MATERIAL SHOWN section start
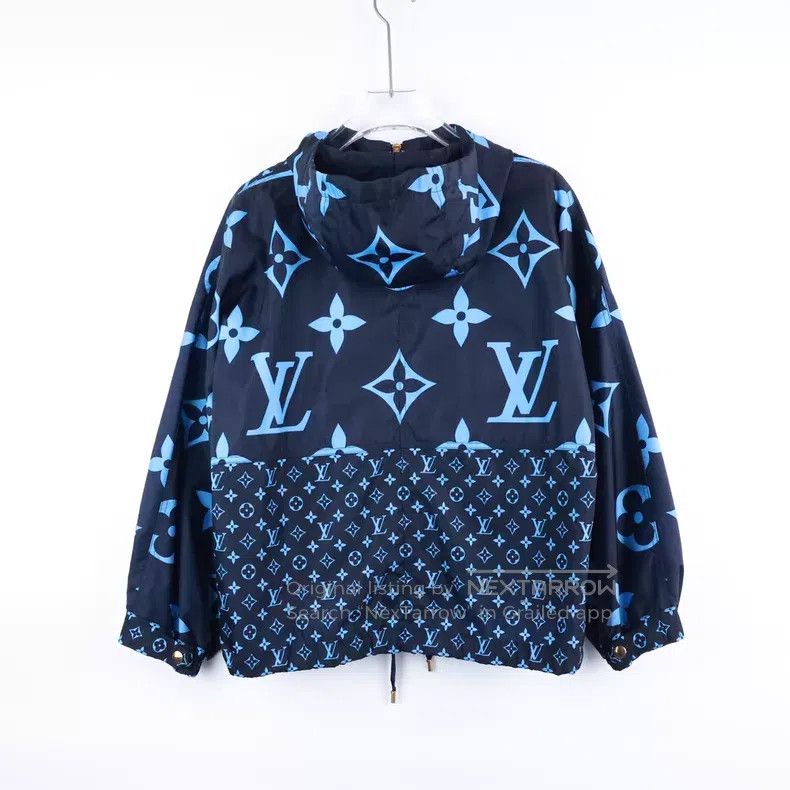 Louis Vuitton Louis Vuitton Blue presbyopic hooded jacket Size XXS / US 00 / IT 34 - 2 Thumbnail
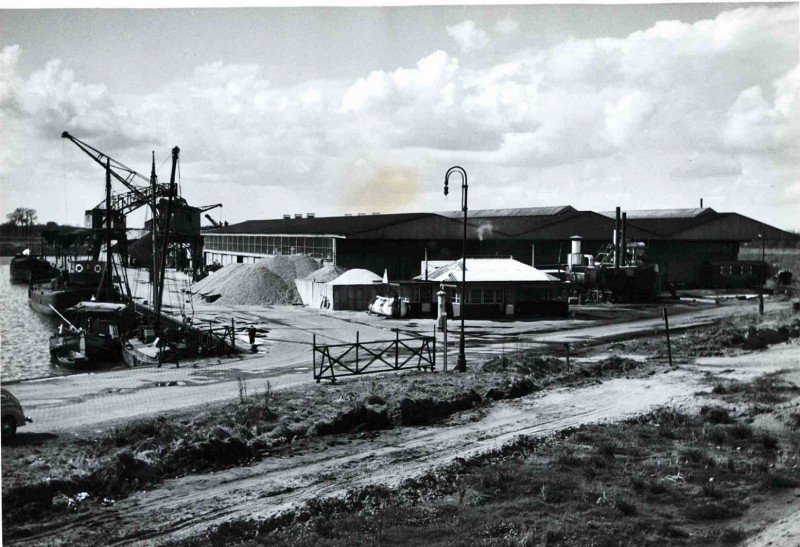 Handelskade met haven van Twente-Rijnkanaal en loodsen van Sesam. 1955.jpg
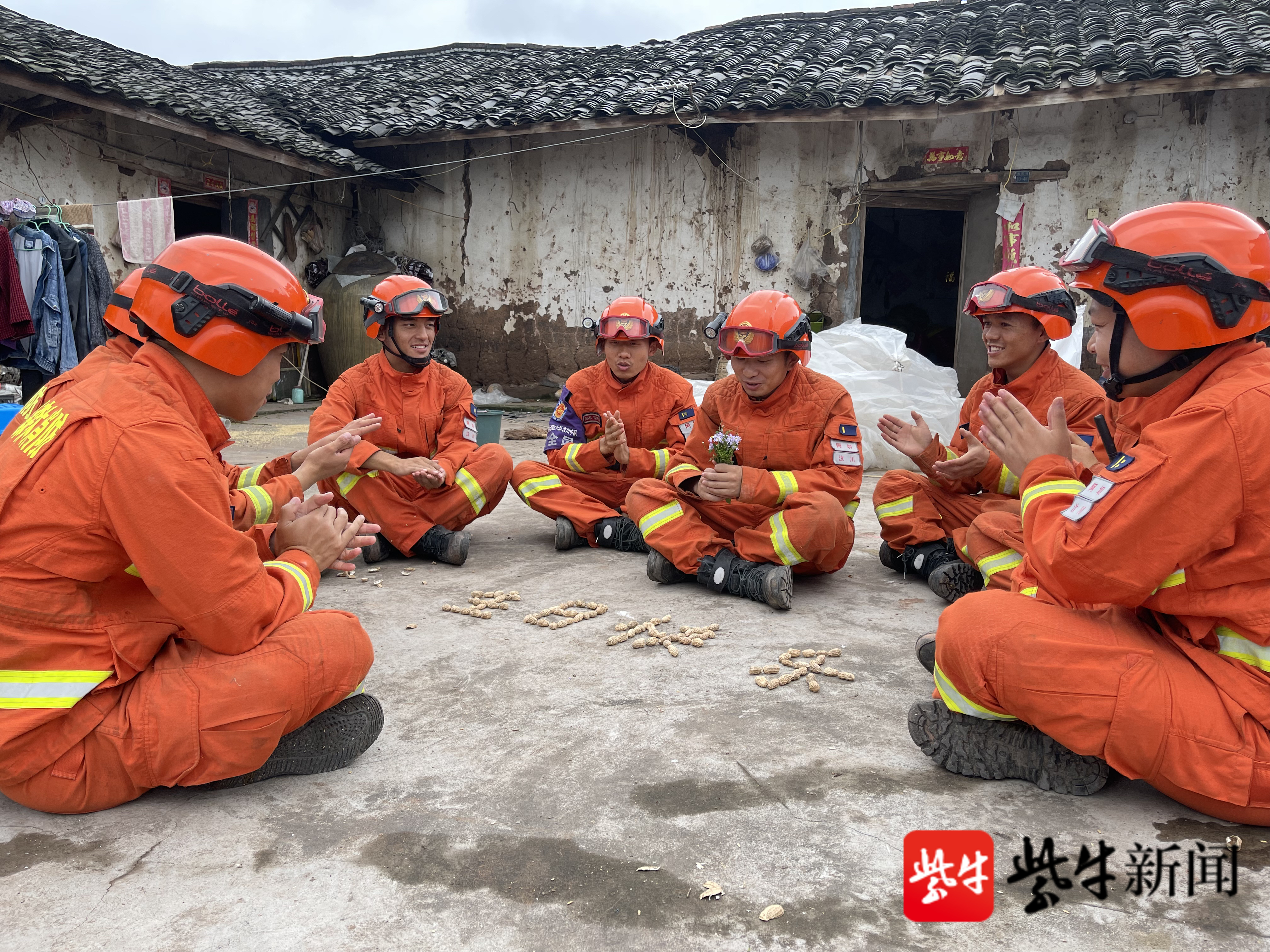 经历过汶川地震的90后消防员在泸县救灾现场过生日,他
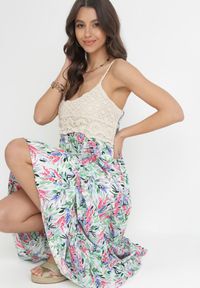 Born2be - Zielona Wiskozowa Sukienka Maxi z Szydełkową Górą i Rozkloszowanym Dołem Eumila. Kolor: zielony. Materiał: wiskoza. Długość rękawa: na ramiączkach. Sezon: wiosna, lato. Typ sukienki: rozkloszowane. Długość: maxi #4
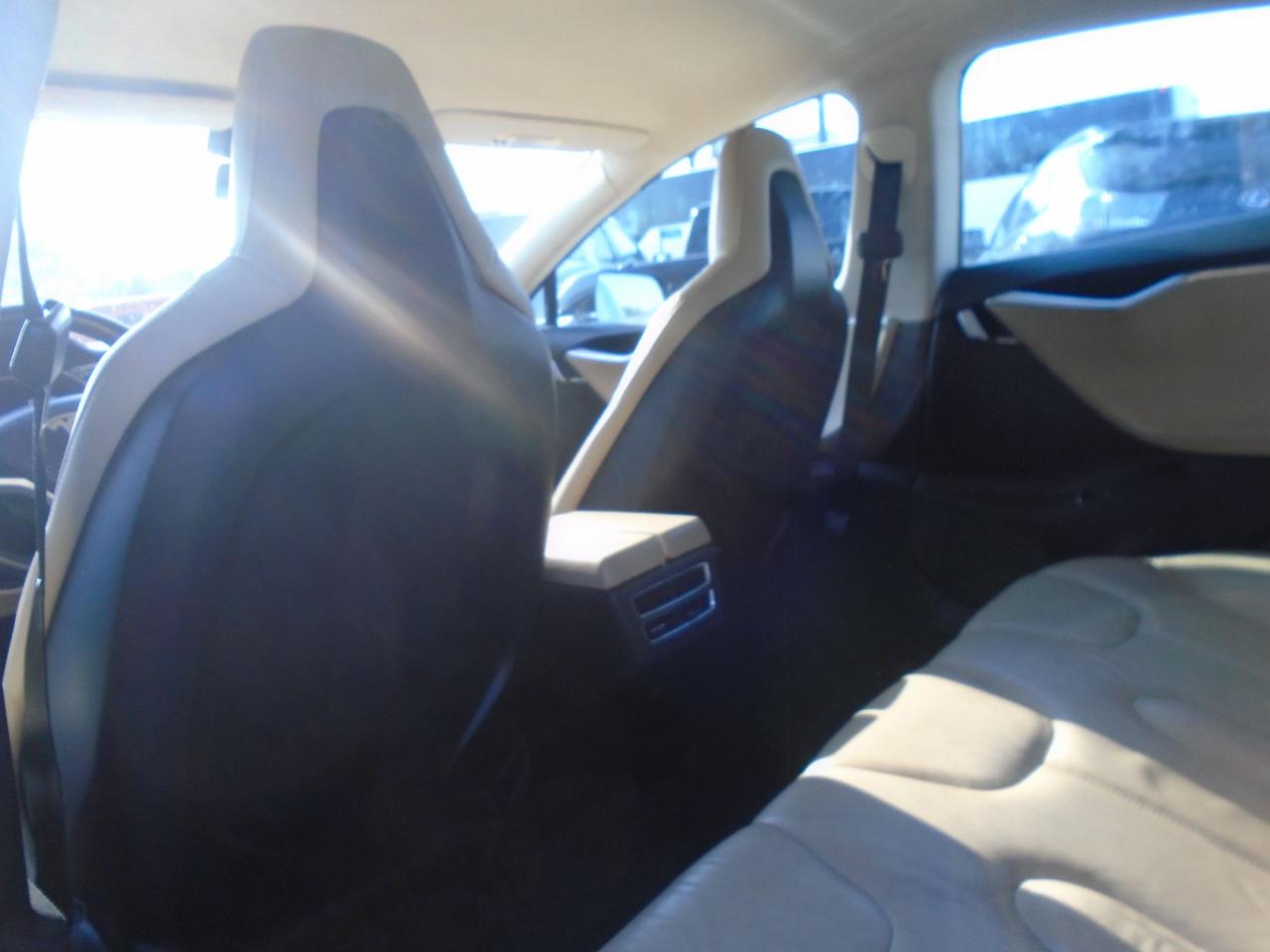 2013 Tesla Model S Model S 85 Sdn 396km FULL CHARGE - Photo #11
MATERIAL SHOWN section end
REQUIRED ACTION
No pictures go in the copy. Retype exactly the lines from the one with "Born2be - Zielona" through the last line of the entries above, both included, and nothing more.

RESPONSE BELOW
 Born2be - Zielona Wiskozowa Sukienka Maxi z Szydełkową Górą i Rozkloszowanym Dołem Eumila. Kolor: zielony. Materiał: wiskoza. Długość rękawa: na ramiączkach. Sezon: wiosna, lato. Typ sukienki: rozkloszowane. Długość: maxi #4
 2013 Tesla Model S Model S 85 Sdn 396km FULL CHARGE - Photo #11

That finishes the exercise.